_GOAL OF THE EXERCISE_
In your copy, set down the entries exactly and exclude the pictures.

━━━━━━━━━━

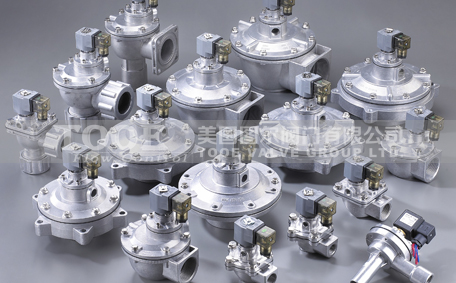 �M(j��n)���}�_늴��y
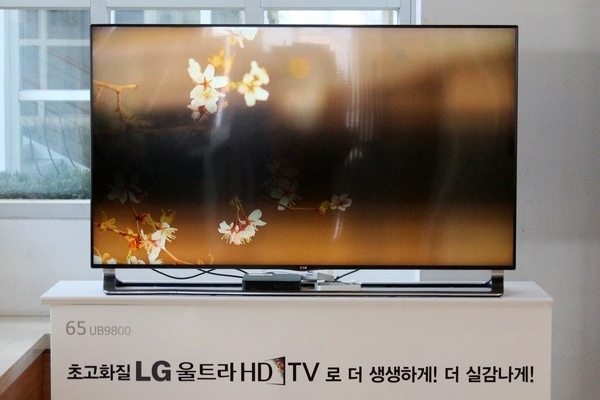 LG디스플레이가 단가 하락을 감안해 2월 TV 패널 생산을 전략적으로 줄었음에도 생산량에서 세계 1위를 지켰다. 강촌 엘리시안콘도에 설치된 LG전자의 울트라 HD TV. 정수남 기자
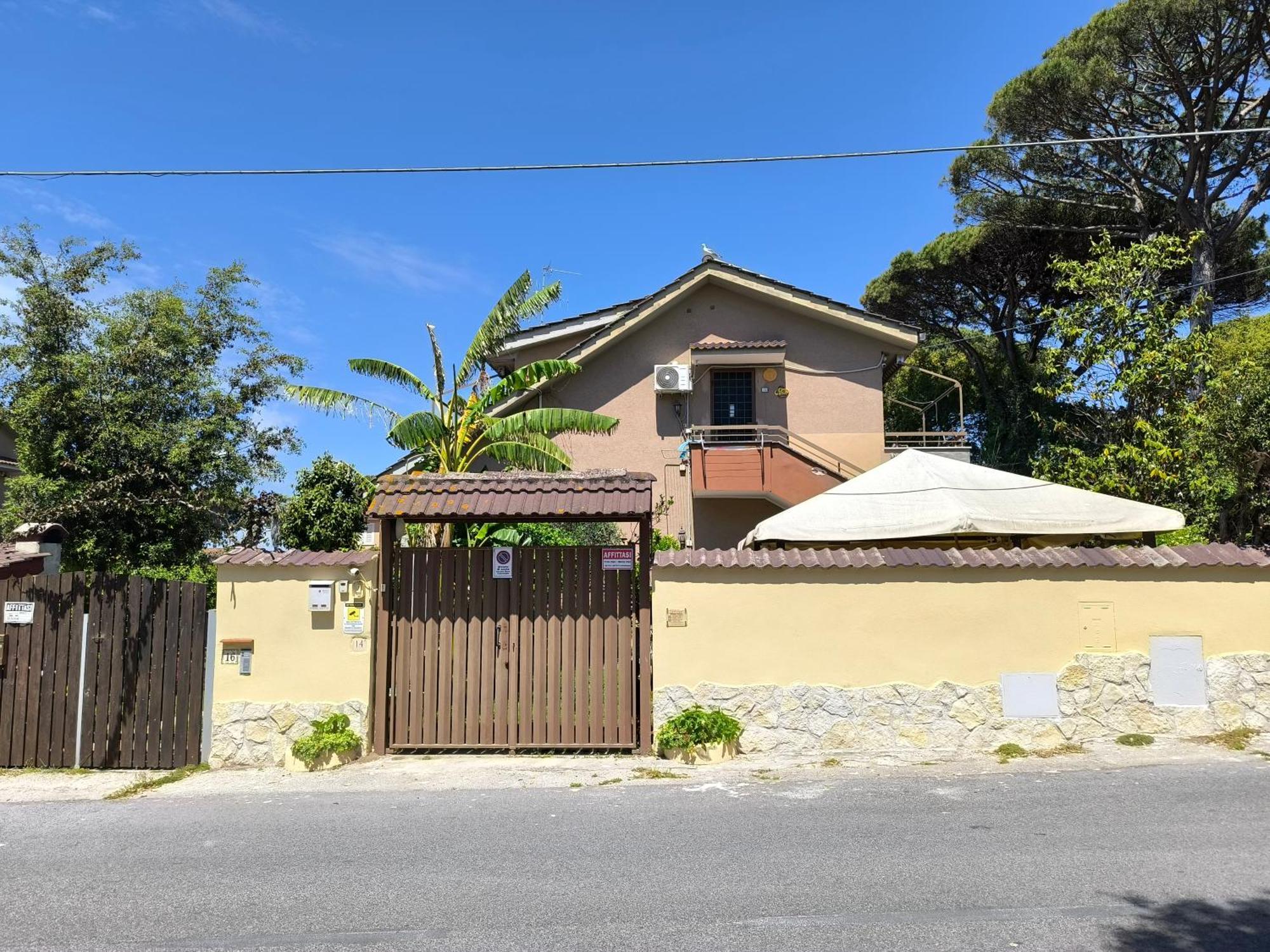 Villa Rimini - Seaview & Roman Holidays Apartments - Garden&Beach 300Mt Anzio Exterior photo
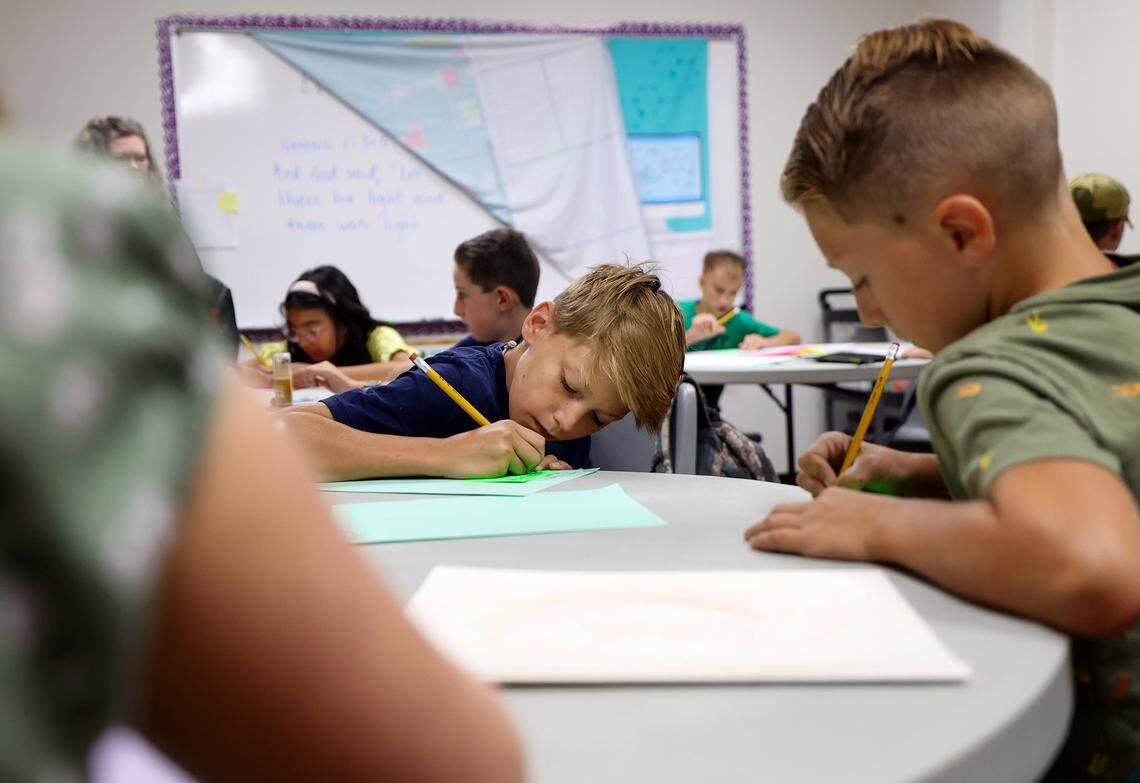 Students attend an elementary science class at Science, Etc. on Tuesday, Sept. 9, 2025, in Fort Worth.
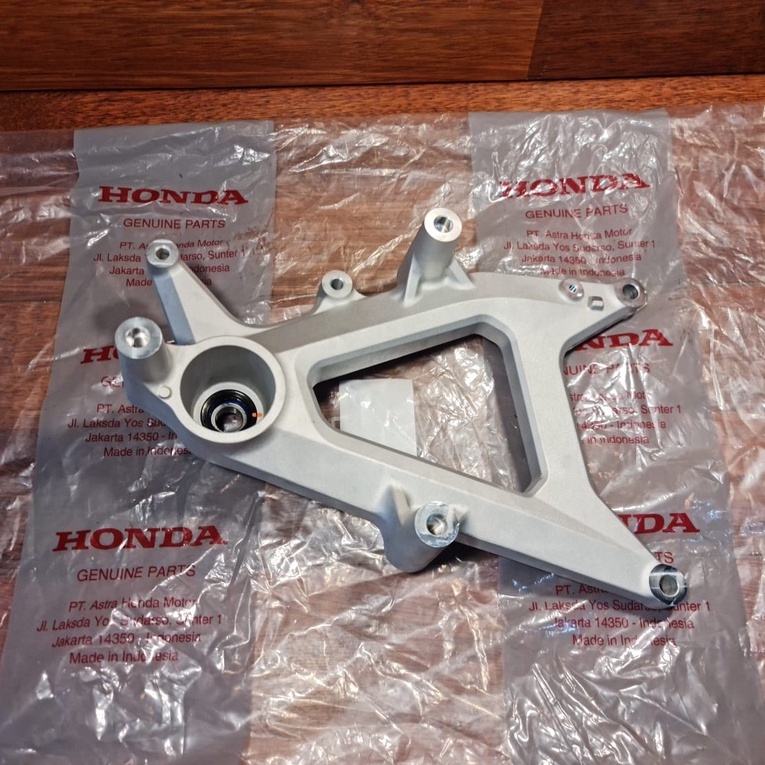 (VARIO 160 ABS) HONDA ORI - SWING ARM ASSY REAR 52100K2SN10 GENUINE PART AHM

━━━━━━━━━━

_SOLUTION_
 �M(j��n)���}�_늴��y
 LG디스플레이가 단가 하락을 감안해 2월 TV 패널 생산을 전략적으로 줄었음에도 생산량에서 세계 1위를 지켰다. 강촌 엘리시안콘도에 설치된 LG전자의 울트라 HD TV. 정수남 기자
 Villa Rimini - Seaview & Roman Holidays Apartments - Garden&Beach 300Mt Anzio Exterior photo
 Students attend an elementary science class at Science, Etc. on Tuesday, Sept. 9, 2025, in Fort Worth.
 (VARIO 160 ABS) HONDA ORI - SWING ARM ASSY REAR 52100K2SN10 GENUINE PART AHM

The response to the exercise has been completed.